Black light is ultraviolet light or a lamp that emits most of its light in the ultraviolet part of the spectrum. Black light is beyond the range of human vision, so a room illuminated with a black light appears dark. Other names for black light are ultraviolet light or UV-A light. A device that releases ultraviolet light is called a black light, blacklight, or Wood’s lamp. The name “Wood’s lamp” honors Robert Williams Wood, the inventor of glass UV filters.
There are many types of black lights, including special fluorescent lamps, LEDs, incandescent lamps, and lasers. These lights are not created equal, as each produces a unique spectrum of light.
Why Is Black Light Called “Black” Light?
Black light is called “black” because ultraviolet light is invisible to the human eye. If a black light only emitted ultraviolet light, it would be invisible. Most black lights appear blue or violet because they emit short wavelength visible light (blue to violet). This makes it possible to tell when the light is on. However, some ultraviolet lamps and lasers only emit invisible radiation.
The photoreceptors of the human retina can detect black light. People who have eye surgery sometimes see further into the ultraviolet part of the spectrum than they did before. Artificial corneas and lenses change the perceived spectrum, giving people vision more like what a raptor or insect sees.
Types of Black Lights
Black lights come in many different forms. There are incandescent lights, fluorescent lamps, light-emitting diodes (LEDs), lasers, and mercury-vapor lamps. Incandescent lights produce very little ultraviolet light, so they actually make poor black lights.
An incandescent black lights has a filter to block visible light but permit the passage of ultraviolet wavelength. This type of bulb or filter generally produces light with a dim violet-blue cast, so the lighting industry designates these devices as “BLB,” which stands for “blacklight blue.”
Fluorescent black lights typically cost a bit more than incandescent bulbs, but they are energy-efficient, don’t overheat, and bright. A good example is the type of fluorescent bulb used in “bug zappers.” This type of lamp is designated “BL,” which stands for “black light.” Fluorescent lamps generate black light by energizing mercury atoms. Energy kicks mercury atom electrons into a higher energy level and photons in the ultraviolet range are released when the electrons return to a lower energy, stable state. The interior of a fluorescent bulb tube has a phosphor coating, which absorbs harmful UV-B and UV-C light, allowing UV-B to pass. The glass of the bulb also blocks most harmful radiation.

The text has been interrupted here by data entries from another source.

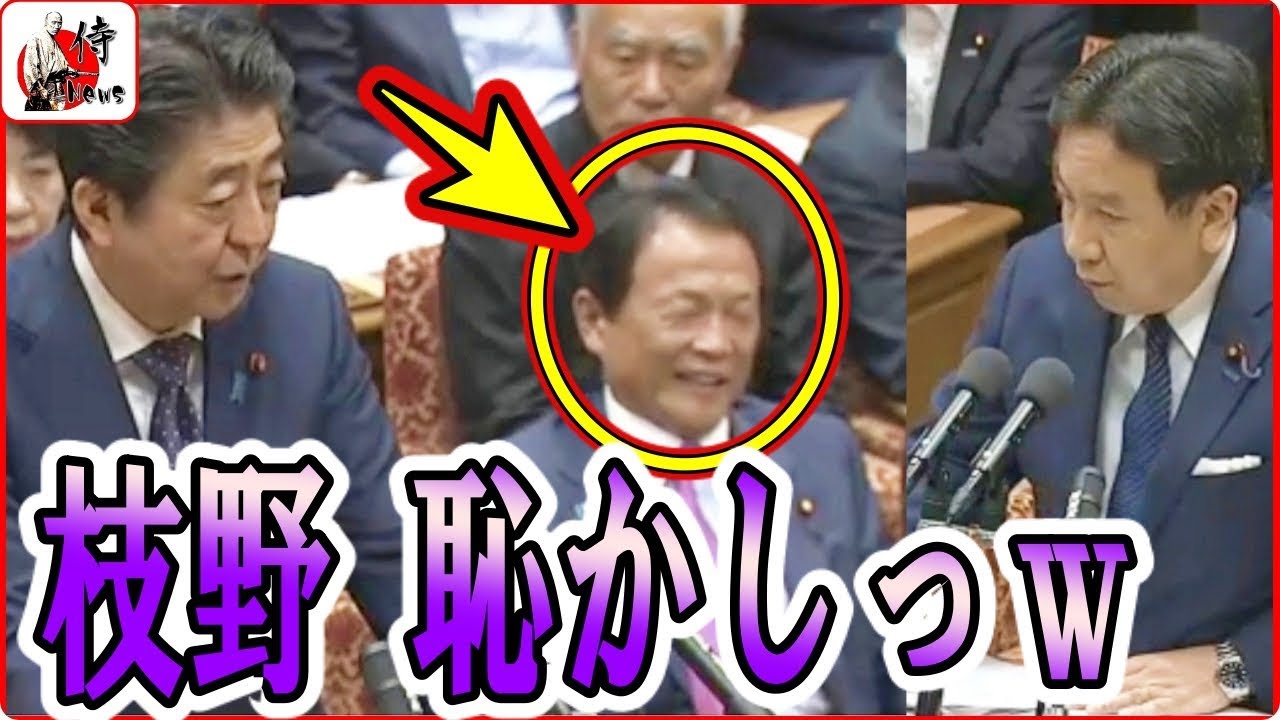安倍総理vs枝野幸男×玉木雄一郎ほか🔴【国会中継・党首討論】枝野 恥かしっｗ玉木に裏切られるｗｗ　2018年5月30日-侍News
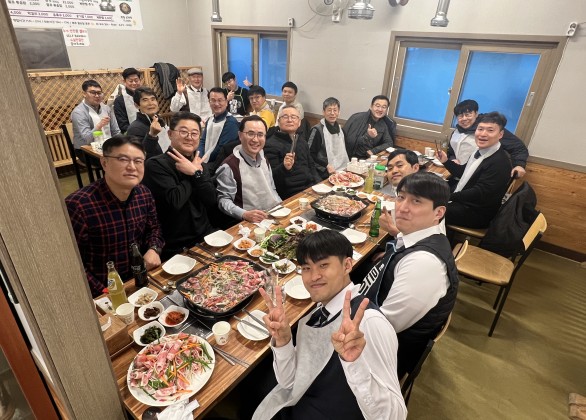 신년 교역자 및 당회원 식사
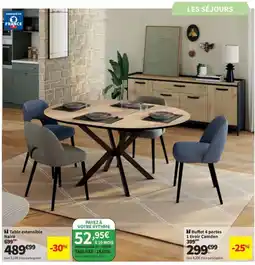 Conforama Naira Table extensible offre
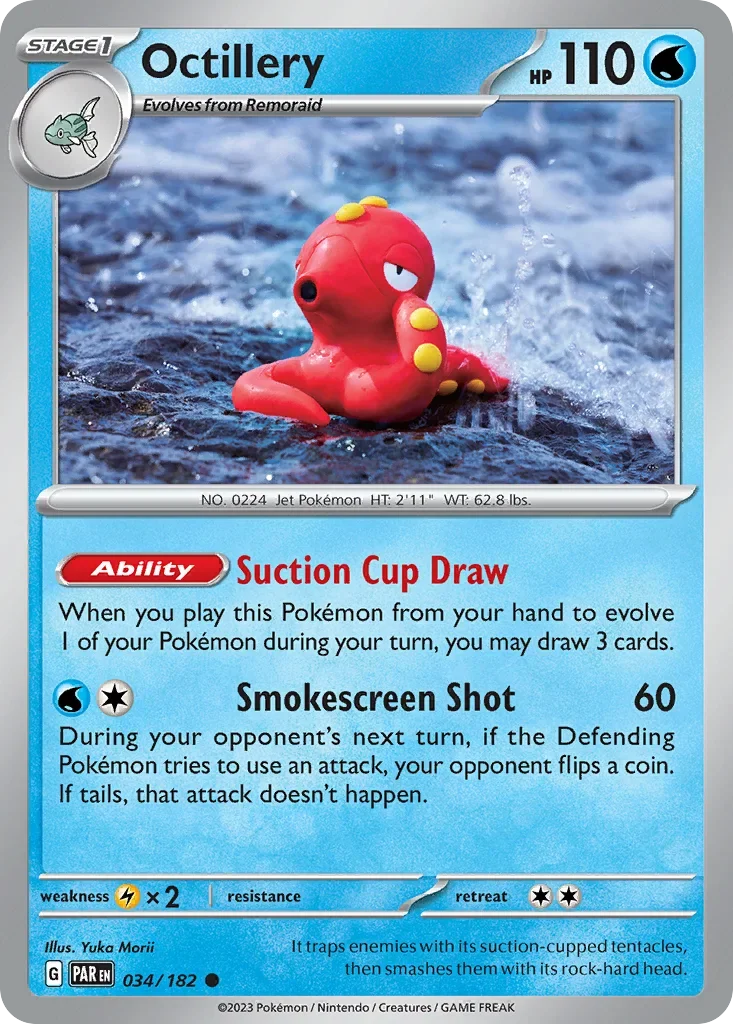034/182 from Paradox Rift Common Pokemon Card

Black light or ultraviolet lasers produce coherent, monochromatic radiation that is completely invisible to the human eye. It’s particularly important to wear eye protection when working with such devices because the light can cause immediate and permanent blindness and other tissue damage.
Black Light Uses
Black lights have many uses. Ultraviolet light is used to observe fluorescent dyes, improve the brightness of phosphorescent materials, cure plastics, attract insects, promote melanin production (tanning) in skin, and illuminate artwork. There are multiple medical applications of black lights. Ultraviolet light is used for disinfection; diagnosing fungal infections, bacterial infections, acne, melanoma, ethylene glycol poisoning; and treating neonatal jaundice.
Black Light Safety
Most black lights are relatively safe because the UV light they emit is in the longwave UVA range. This is the region closest to that of visible light. UVA has been linked to human skin cancer, so extended exposure to black light radiation should be avoided. UVA penetrates deeply into skin layers, where it can damage DNA. UVA does not cause sunburn, but it can destroy vitamin A, suppress immune function, damage collagen, and promote skin aging. Ultraviolet light passes through the cornea of the eye and can damage the lens and cause cataracts.

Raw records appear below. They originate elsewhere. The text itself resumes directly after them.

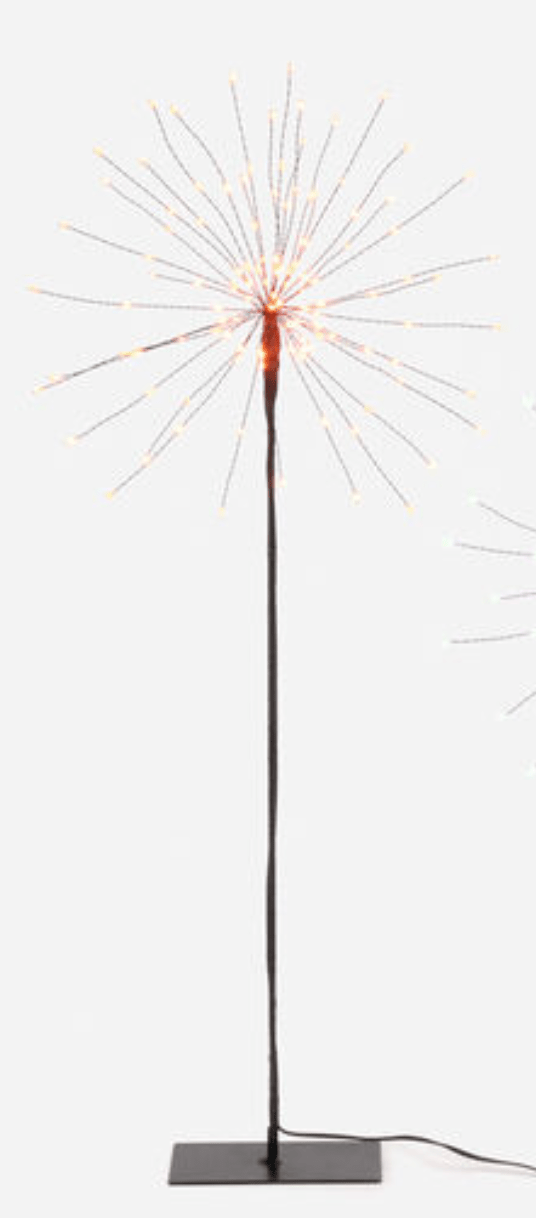 25" Orange LED Burst Tree - Whiskey Skies - 180 DEGREES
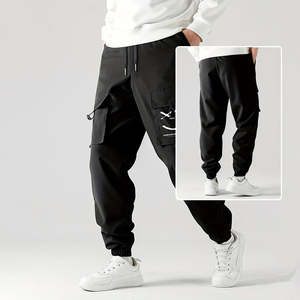 Sportswear: Straight Ankle Tied Wear-resistant Overalls Casual Pants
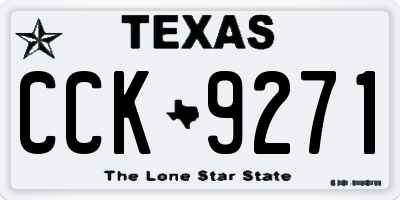 TX license plate CCK9271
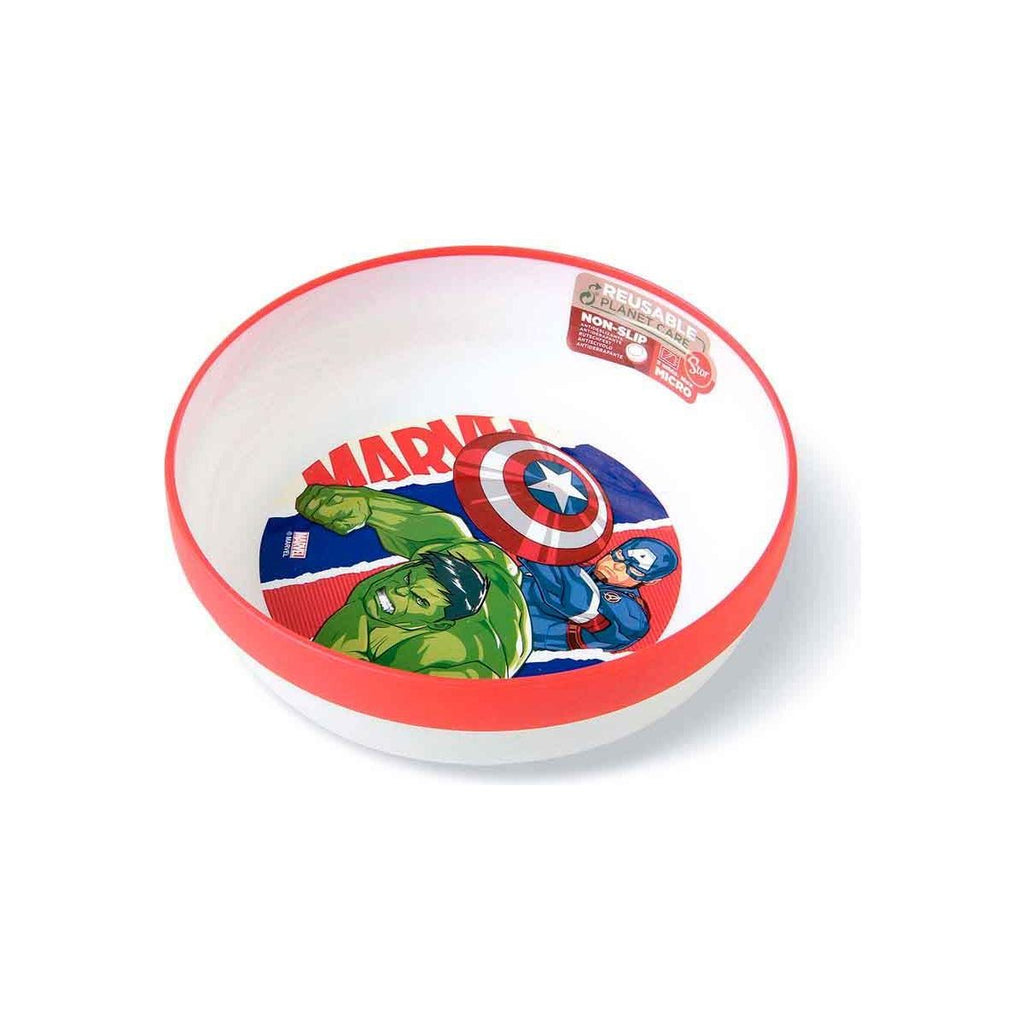 Stor Non Slip Bicolor Premium Bowl Avengers Comic Heroes(57791) Age- 2 Years & Above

Some black lights emit more light in the UVB or UVC ranges. These lights can cause skin burns. Because this light has a higher energy than UVA or visible light, it can damage cells more quickly.

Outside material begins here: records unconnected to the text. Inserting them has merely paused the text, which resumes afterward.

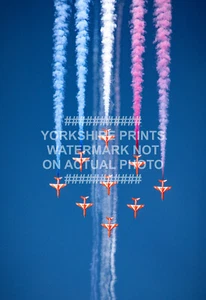 RAF RED ARROWS PHOTO PRINT ALL SIZES FRAMING 2024 ROYAL AIR FORCE AVIATION g - Picture 1 of 10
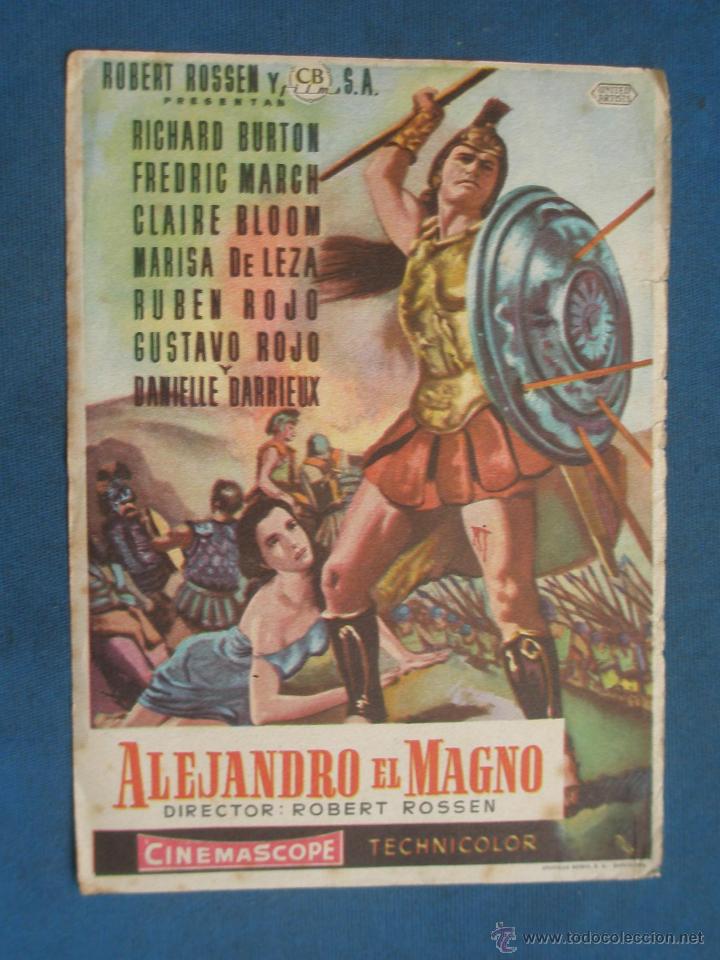 Cine: PROGRAMA DE MANO . ALEJANDRO EL MAGNO, SIN PUBLICIDAD . - Foto 1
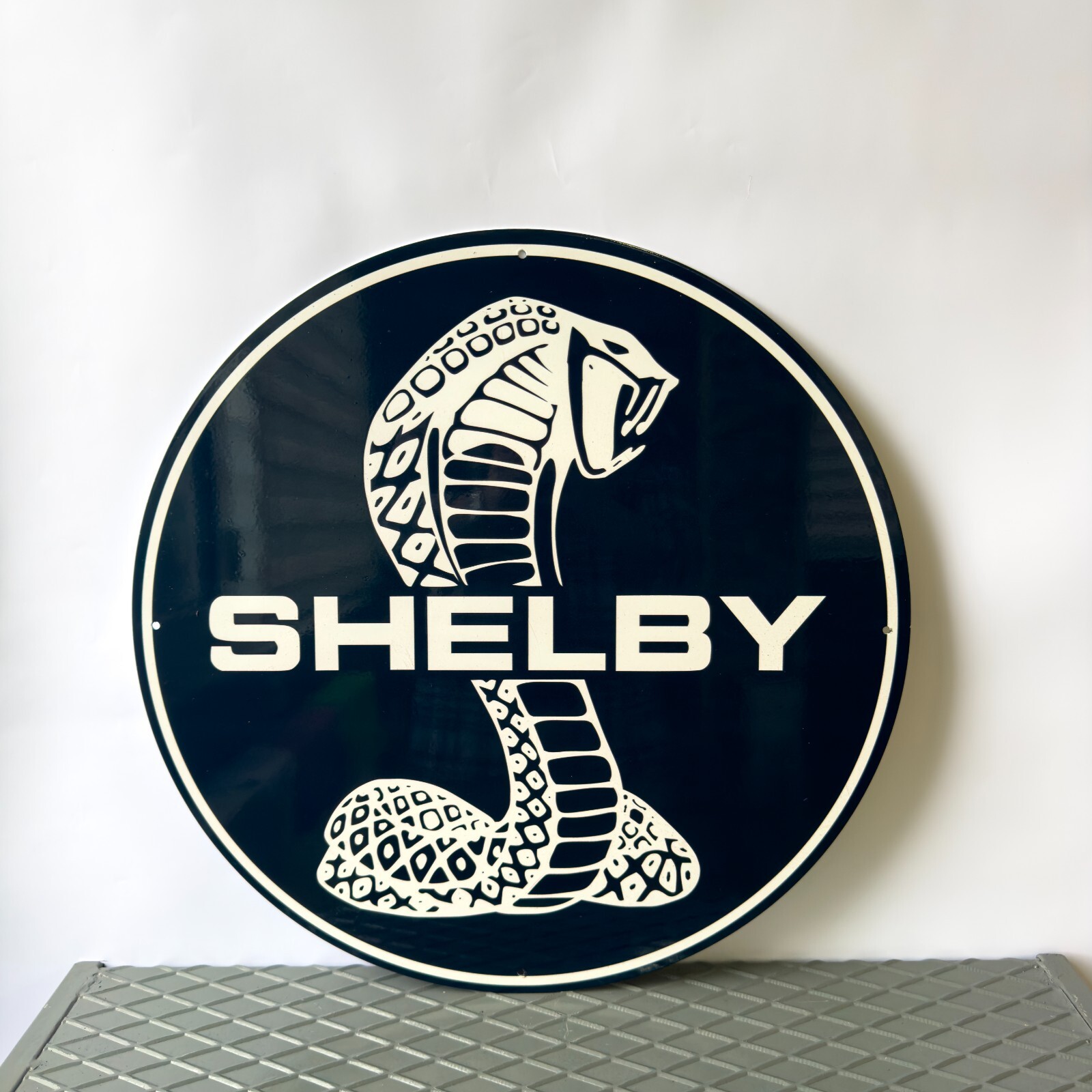 Vintage Shelby Cobra Metal Sign – Muscle Car Garage Decor – XL • 19.7\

Ultraviolet lamps and lasers are extremely powerful. They emit oxidizing radiation that kills microbes and burns human tissue.
- Gupta, I. K.; Singhi, M. K. (2004). “Wood’s Lamp.” Indian J Dermatol Venereol Leprol. 70 (2): 131–5.
- Kitsinelis, Spiros (2012). The Right Light: Matching Technologies to Needs and Applications. CRC Press. p. 108. ISBN 978-1439899311.
- Le, Tao; Krause, Kendall (2008). First Aid for the Basic Sciences—General Principles. McGraw-Hill Medical.
- Simpson, Robert S. (2003). Lighting Control: Technology and Applications. Taylor & Francis. p. 125. ISBN 978-0240515663
- Zaithanzauva Pachuau; Ramesh Chandra Tiwari (2008). “Ultraviolet Light – its Effects and Applications.” Science Vision. 8 (4): 128.